Eh bien, à l’heure qu’il est… je n’en sais rien ! Le problème, au fond, c’est que personne n’a imaginé que ça durerait aussi longtemps. En octobre, on pensait fermer pour un mois ou deux, et puis… C’est l’absence de visibilité à long terme qui explique qu’on a laissé faire, qu’on se retrouve aujourd’hui dans cette situation dingue avec

plus de 400 films dans les starting-blocks. Les Américains ont mieux compris que nous que ça allait durer. Des connaissan­ces qui vivent là-bas me disaient dès l’été dernier qu’elles ne retournera­ient pas au bureau avant septembre 2021. Nous, on n’a pas vu que la situation était aussi grave, ou on n’a pas eu envie de le voir.

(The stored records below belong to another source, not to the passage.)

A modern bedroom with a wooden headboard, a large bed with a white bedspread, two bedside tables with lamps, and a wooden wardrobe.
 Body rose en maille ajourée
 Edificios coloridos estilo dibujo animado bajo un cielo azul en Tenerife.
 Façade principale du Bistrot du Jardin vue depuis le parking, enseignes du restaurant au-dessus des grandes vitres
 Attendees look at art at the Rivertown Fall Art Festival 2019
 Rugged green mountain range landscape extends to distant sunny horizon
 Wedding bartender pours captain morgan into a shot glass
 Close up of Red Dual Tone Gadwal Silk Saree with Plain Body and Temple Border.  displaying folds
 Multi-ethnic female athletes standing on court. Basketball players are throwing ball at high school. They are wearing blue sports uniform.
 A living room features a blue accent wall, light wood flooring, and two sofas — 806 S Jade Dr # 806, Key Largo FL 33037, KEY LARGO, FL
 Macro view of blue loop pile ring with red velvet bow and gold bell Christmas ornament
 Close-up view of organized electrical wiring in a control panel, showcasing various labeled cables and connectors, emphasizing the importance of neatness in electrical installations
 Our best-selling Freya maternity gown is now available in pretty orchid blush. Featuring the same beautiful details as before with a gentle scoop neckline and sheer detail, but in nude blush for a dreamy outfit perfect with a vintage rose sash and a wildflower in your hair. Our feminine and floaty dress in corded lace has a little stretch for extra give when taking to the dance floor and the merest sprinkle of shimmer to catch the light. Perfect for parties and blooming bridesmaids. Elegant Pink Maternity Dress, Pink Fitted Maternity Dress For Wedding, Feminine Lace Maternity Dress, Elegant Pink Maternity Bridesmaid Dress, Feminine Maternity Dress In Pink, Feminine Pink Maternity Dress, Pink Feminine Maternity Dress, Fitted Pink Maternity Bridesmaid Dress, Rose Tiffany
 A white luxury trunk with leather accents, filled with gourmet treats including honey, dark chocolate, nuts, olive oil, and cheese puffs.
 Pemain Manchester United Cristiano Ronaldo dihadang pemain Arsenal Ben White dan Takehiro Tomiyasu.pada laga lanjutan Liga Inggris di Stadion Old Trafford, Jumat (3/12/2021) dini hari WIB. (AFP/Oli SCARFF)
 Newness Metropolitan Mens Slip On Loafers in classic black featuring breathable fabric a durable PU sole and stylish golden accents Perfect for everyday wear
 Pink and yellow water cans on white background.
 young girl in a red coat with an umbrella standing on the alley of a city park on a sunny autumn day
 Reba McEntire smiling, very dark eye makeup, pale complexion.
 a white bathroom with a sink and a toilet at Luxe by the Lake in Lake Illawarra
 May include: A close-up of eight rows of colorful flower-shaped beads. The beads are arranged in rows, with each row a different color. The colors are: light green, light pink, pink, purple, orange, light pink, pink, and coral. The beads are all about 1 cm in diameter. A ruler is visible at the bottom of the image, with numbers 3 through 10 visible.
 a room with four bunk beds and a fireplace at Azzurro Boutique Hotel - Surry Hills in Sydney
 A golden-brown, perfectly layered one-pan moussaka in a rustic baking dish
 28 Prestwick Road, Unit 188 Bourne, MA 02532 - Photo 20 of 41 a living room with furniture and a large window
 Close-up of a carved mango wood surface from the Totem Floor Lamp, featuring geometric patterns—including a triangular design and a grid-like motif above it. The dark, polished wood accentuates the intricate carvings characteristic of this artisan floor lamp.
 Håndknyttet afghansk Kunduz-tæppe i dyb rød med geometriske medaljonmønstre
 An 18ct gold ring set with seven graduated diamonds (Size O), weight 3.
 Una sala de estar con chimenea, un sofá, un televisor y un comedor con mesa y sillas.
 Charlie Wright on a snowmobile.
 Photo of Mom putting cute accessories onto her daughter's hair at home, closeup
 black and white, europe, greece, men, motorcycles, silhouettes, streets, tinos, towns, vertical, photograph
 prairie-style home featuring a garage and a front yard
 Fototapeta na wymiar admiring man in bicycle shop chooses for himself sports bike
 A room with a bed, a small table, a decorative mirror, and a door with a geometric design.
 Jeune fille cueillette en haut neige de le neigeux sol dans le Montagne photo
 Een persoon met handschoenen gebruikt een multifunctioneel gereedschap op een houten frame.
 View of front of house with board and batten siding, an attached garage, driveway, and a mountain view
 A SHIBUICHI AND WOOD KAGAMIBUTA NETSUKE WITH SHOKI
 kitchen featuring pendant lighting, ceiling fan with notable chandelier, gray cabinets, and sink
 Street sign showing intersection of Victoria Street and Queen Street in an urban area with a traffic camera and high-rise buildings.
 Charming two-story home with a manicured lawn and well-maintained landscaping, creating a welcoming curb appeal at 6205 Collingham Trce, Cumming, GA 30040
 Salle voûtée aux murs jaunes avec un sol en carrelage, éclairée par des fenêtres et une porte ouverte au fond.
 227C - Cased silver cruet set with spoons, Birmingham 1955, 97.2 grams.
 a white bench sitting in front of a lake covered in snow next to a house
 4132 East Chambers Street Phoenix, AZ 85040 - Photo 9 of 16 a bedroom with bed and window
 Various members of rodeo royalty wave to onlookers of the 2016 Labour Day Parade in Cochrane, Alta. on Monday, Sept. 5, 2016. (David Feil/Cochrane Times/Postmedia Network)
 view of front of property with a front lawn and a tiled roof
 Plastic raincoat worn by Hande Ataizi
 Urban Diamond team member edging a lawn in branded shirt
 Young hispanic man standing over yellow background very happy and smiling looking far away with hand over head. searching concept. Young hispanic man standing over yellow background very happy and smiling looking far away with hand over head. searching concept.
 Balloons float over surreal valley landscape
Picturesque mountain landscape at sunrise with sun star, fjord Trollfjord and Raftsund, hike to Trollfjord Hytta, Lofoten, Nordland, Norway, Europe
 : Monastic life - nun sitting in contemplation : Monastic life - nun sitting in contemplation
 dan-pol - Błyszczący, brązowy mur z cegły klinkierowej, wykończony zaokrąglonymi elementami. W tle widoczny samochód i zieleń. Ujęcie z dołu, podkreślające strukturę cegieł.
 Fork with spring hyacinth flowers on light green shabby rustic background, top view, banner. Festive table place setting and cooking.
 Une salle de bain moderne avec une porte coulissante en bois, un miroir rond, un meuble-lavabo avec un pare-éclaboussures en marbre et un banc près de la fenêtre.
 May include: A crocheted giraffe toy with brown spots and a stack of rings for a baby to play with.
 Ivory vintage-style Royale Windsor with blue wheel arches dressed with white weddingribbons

Comment occupez-vous vos journées, du coup ? Vous datez et redatez des films du lundi au vendredi ?

(Rires.) Non, on a arrêté de faire ça… On va au bureau une fois par semaine, on prend de l’avance dans la fabricatio­n des dossiers de presse, on continue à lire des scénarios, on voit des films dans des marchés virtuels, seuls devant nos écrans. Et on espère ne pas avoir trop envie de faire des achats.

Avez-vous tout de même acquis des projets depuis la fermeture des salles en décembre ?

Non. Rien ne nous a titillés. Tant mieux, vraiment. On a trop de films sur les bras.

Vous en avez combien ?

Dix-sept, dont treize qu’on pourrait sortir du jour au lendemain. Les quatre autres nécessiten­t encore un peu de travail.

Vous avez été tentée d’en vendre certains aux…

(Elle coupe.) On ne vendra rien aux plateforme­s. Nous, on travaille sur des films d’auteurs étrangers. C’est un créneau qui ne les intéresse pas et dont elles ne savent pas s’occuper. On a réussi à faire de Séjour dans les monts Fuchun un vrai succès lors de sa sortie en salles. On parle du premier film d’un jeune cinéaste chinois inconnu là : vous l’imaginez sur une plateforme ?

Elles sauraient s’occuper de Peninsula ou de [de Lee Isaac Chung]…

Minari

Peut-être, mais ça ne nous oblige pas à les brader. Honnêtemen­t, les offres qu’on nous a faites à leurs sujets n’étaient pas suffisante­s pour qu’on se pose la question.

Ah, donc, « on » est venu vous voir…

Oui, « on » nous a posé la question. (Rires.) Mais la somme proposée n’était vraiment pas terrible en regard du potentiel de ces films.

Le cas de Minari est symptomati­que : il est nommé aux Oscars, ce qui est une aubaine, mais il est piraté depuis des mois. Vous le prenez en compte dans votre stratégie ?

Déjà, on essaie de faire disparaîtr­e tous les liens de télécharge­ment ! Ensuite, on réfléchit : à l’ouverture des salles, il y aura probableme­nt une jauge. Disons qu’elle sera à 35 % des capacités des salles. Ça veut dire que les gros films ne s’y aventurero­nt pas. Est-ce qu’on n’a pas intérêt à ce moment-là à sortir un film plus pointu comme Les Séminarist­es [d’Ivan Ostrochovs­ky], par exemple ? Ça peut lui garantir de rester plus longtemps en salles, donc un bon bouche-àoreille, etc. Mais on peut dire aussi que c’est le moment parfait pour sortir Minari avec beaucoup de promo, en profitant de l’effet Oscars – si Oscars il y a. Sauf qu’il y aura peut-être encore un couvre-feu… Et alors, comment faire avec Minari, qui est un film « du soir » ? Voilà : il y a beaucoup de paramètres, beaucoup TROP de paramètres pour y voir clair.